SIF model uses pre-trained glove embedding i.e., glove-wiki-gigaword-100 and on top of that natural 
language QA dataset will be trained. The output of BERT with questions will be fed into this model. For each 
answer similarity score will be produced as output. The output with the highest similarity will be chosen as 
the final answer. 


2.1. Input representation 

The first module of the proposed work is a representation of inputs to the BERT model.
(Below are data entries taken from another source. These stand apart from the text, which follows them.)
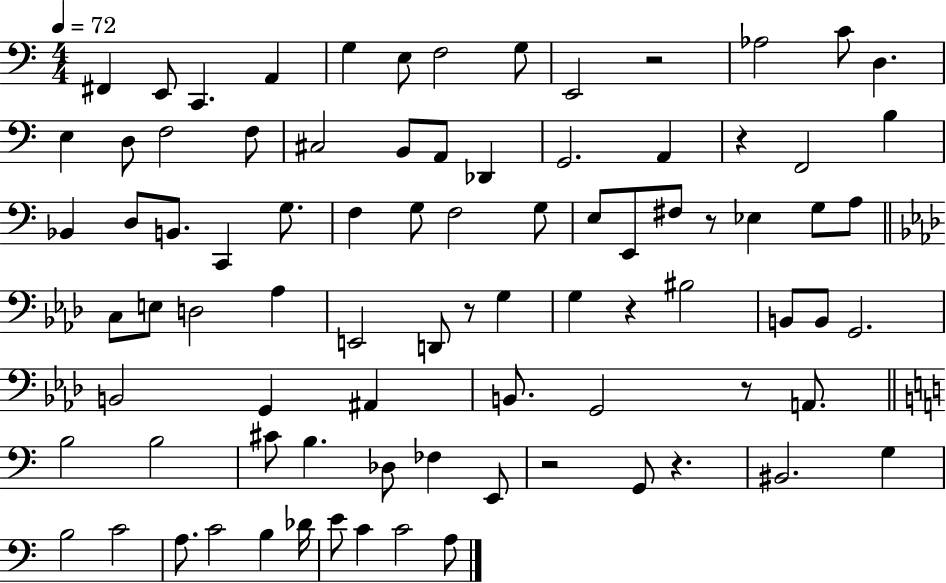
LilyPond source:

{
  \clef bass
  \numericTimeSignature
  \time 4/4
  \key c \major
  \tempo 4 = 72
  fis,4 e,8 c,4. a,4 | g4 e8 f2 g8 | e,2 r2 | aes2 c'8 d4. | \break e4 d8 f2 f8 | cis2 b,8 a,8 des,4 | g,2. a,4 | r4 f,2 b4 | \break bes,4 d8 b,8. c,4 g8. | f4 g8 f2 g8 | e8 e,8 fis8 r8 ees4 g8 a8 | \bar "||" \break \key f \minor c8 e8 d2 aes4 | e,2 d,8 r8 g4 | g4 r4 bis2 | b,8 b,8 g,2. | \break b,2 g,4 ais,4 | b,8. g,2 r8 a,8. | \bar "||" \break \key a \minor b2 b2 | cis'8 b4. des8 fes4 e,8 | r2 g,8 r4. | bis,2. g4 | \break b2 c'2 | a8. c'2 b4 des'16 | e'8 c'4 c'2 a8 | \bar "|."
}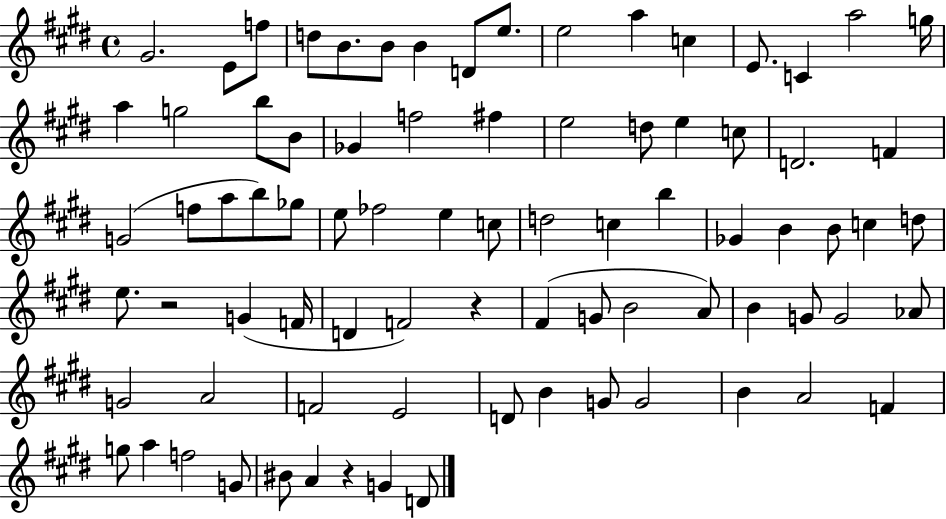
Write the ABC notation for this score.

X:1
T:Untitled
M:4/4
L:1/4
K:E
^G2 E/2 f/2 d/2 B/2 B/2 B D/2 e/2 e2 a c E/2 C a2 g/4 a g2 b/2 B/2 _G f2 ^f e2 d/2 e c/2 D2 F G2 f/2 a/2 b/2 _g/2 e/2 _f2 e c/2 d2 c b _G B B/2 c d/2 e/2 z2 G F/4 D F2 z ^F G/2 B2 A/2 B G/2 G2 _A/2 G2 A2 F2 E2 D/2 B G/2 G2 B A2 F g/2 a f2 G/2 ^B/2 A z G D/2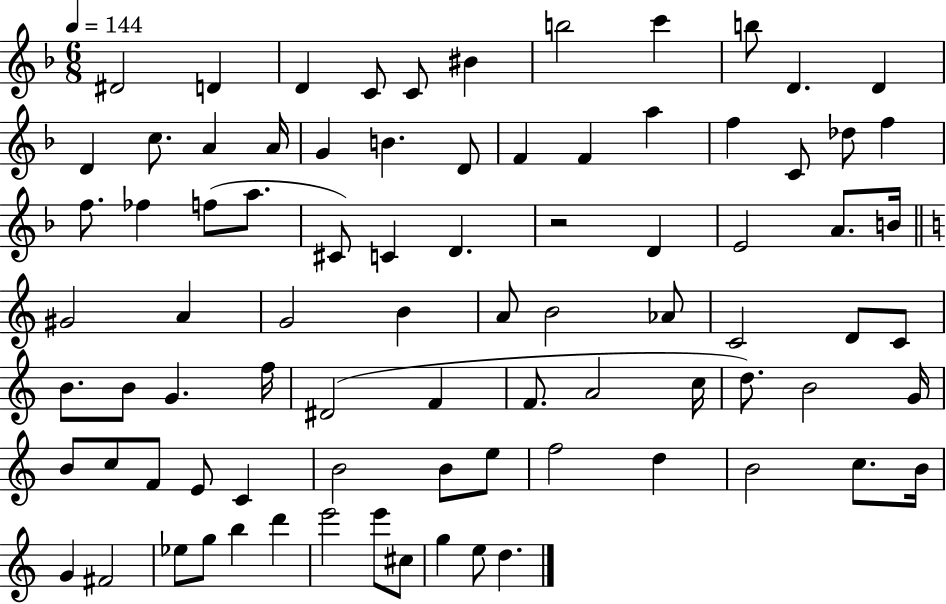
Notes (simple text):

D#4/h D4/q D4/q C4/e C4/e BIS4/q B5/h C6/q B5/e D4/q. D4/q D4/q C5/e. A4/q A4/s G4/q B4/q. D4/e F4/q F4/q A5/q F5/q C4/e Db5/e F5/q F5/e. FES5/q F5/e A5/e. C#4/e C4/q D4/q. R/h D4/q E4/h A4/e. B4/s G#4/h A4/q G4/h B4/q A4/e B4/h Ab4/e C4/h D4/e C4/e B4/e. B4/e G4/q. F5/s D#4/h F4/q F4/e. A4/h C5/s D5/e. B4/h G4/s B4/e C5/e F4/e E4/e C4/q B4/h B4/e E5/e F5/h D5/q B4/h C5/e. B4/s G4/q F#4/h Eb5/e G5/e B5/q D6/q E6/h E6/e C#5/e G5/q E5/e D5/q.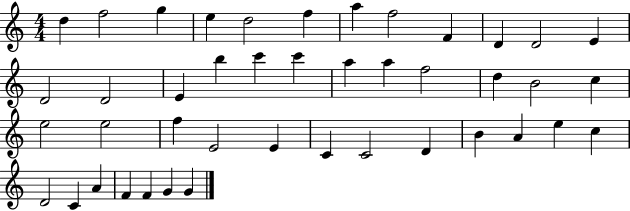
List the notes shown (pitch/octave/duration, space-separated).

D5/q F5/h G5/q E5/q D5/h F5/q A5/q F5/h F4/q D4/q D4/h E4/q D4/h D4/h E4/q B5/q C6/q C6/q A5/q A5/q F5/h D5/q B4/h C5/q E5/h E5/h F5/q E4/h E4/q C4/q C4/h D4/q B4/q A4/q E5/q C5/q D4/h C4/q A4/q F4/q F4/q G4/q G4/q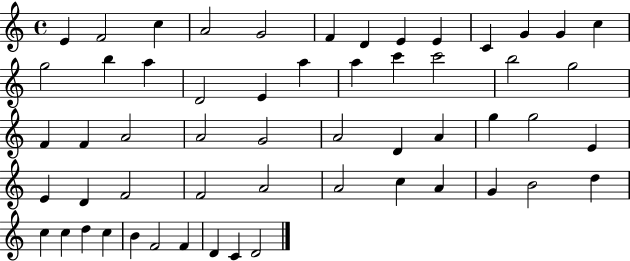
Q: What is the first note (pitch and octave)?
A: E4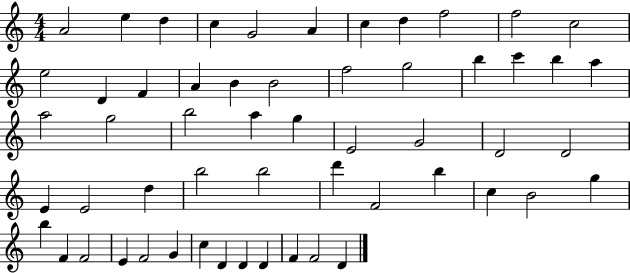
A4/h E5/q D5/q C5/q G4/h A4/q C5/q D5/q F5/h F5/h C5/h E5/h D4/q F4/q A4/q B4/q B4/h F5/h G5/h B5/q C6/q B5/q A5/q A5/h G5/h B5/h A5/q G5/q E4/h G4/h D4/h D4/h E4/q E4/h D5/q B5/h B5/h D6/q F4/h B5/q C5/q B4/h G5/q B5/q F4/q F4/h E4/q F4/h G4/q C5/q D4/q D4/q D4/q F4/q F4/h D4/q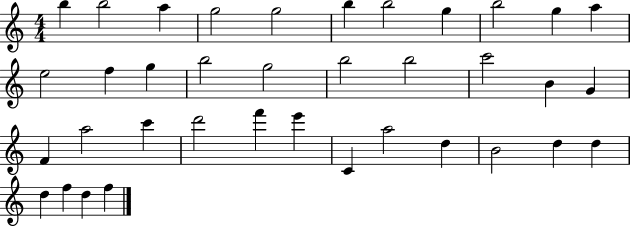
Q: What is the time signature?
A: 4/4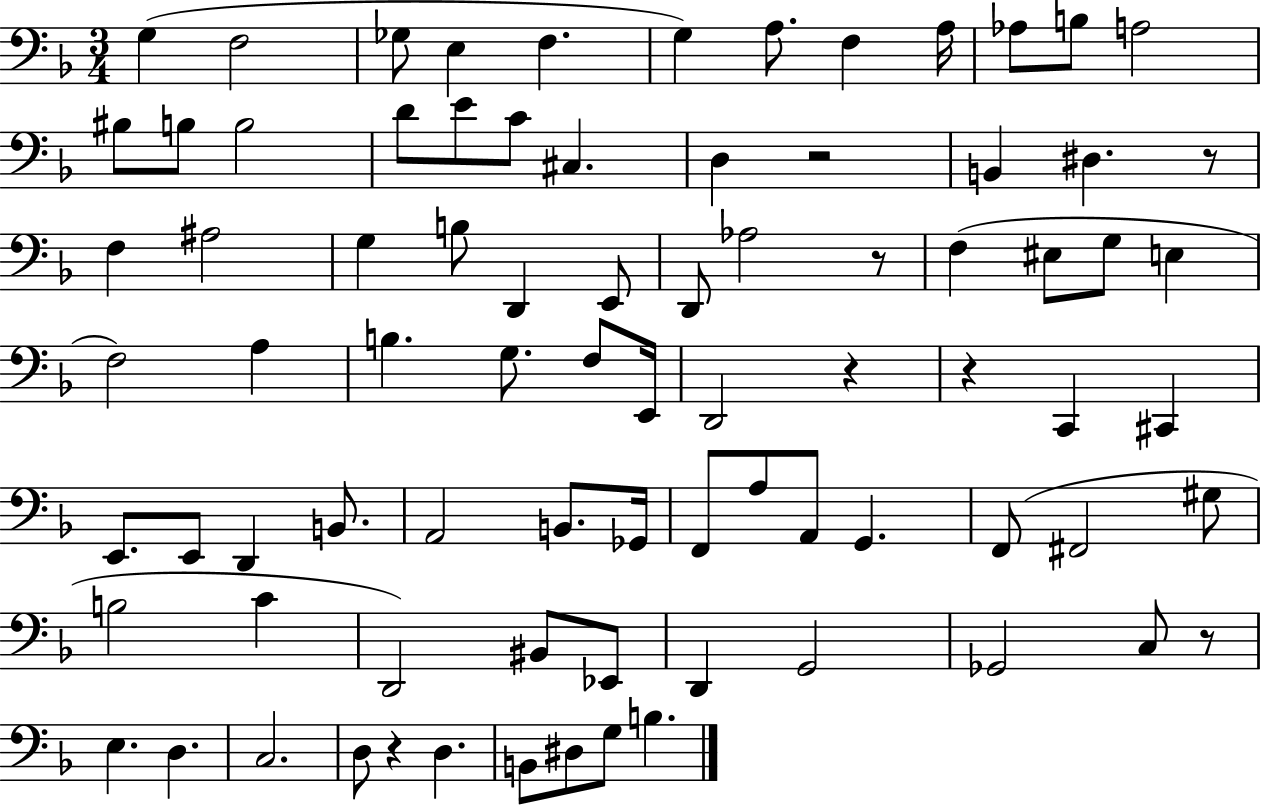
{
  \clef bass
  \numericTimeSignature
  \time 3/4
  \key f \major
  \repeat volta 2 { g4( f2 | ges8 e4 f4. | g4) a8. f4 a16 | aes8 b8 a2 | \break bis8 b8 b2 | d'8 e'8 c'8 cis4. | d4 r2 | b,4 dis4. r8 | \break f4 ais2 | g4 b8 d,4 e,8 | d,8 aes2 r8 | f4( eis8 g8 e4 | \break f2) a4 | b4. g8. f8 e,16 | d,2 r4 | r4 c,4 cis,4 | \break e,8. e,8 d,4 b,8. | a,2 b,8. ges,16 | f,8 a8 a,8 g,4. | f,8( fis,2 gis8 | \break b2 c'4 | d,2) bis,8 ees,8 | d,4 g,2 | ges,2 c8 r8 | \break e4. d4. | c2. | d8 r4 d4. | b,8 dis8 g8 b4. | \break } \bar "|."
}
This 
representation includes the summation of token embedding, segmentation embedding, and position 
embedding. Generally, the embedding method is used in the transcription of the words into number formats 
in NLP models. BERT uses WordPiece embedding input for tokens. To create word-piece embeddings, each 
word in the text is first broken up into many smaller words, or "word pieces." The method used for this is 
known as byte-pair encoding, which creates a collection of word pieces that can be used to symbolize any 
word in the corpus of text by repeatedly joining the most common character pairs. Each word fragment from 
the text is transferred to a fixed-size vector after it has been divided into word fragments. In the case of the 
BERT model, the token embeddings are generated using a combination of techniques that make use of both 
the context of the word and its position within the text. In Figure 2, a classification (CLS) token has been 
added in the beginning. A specific (SEP) token has been added to distinguish between question and context.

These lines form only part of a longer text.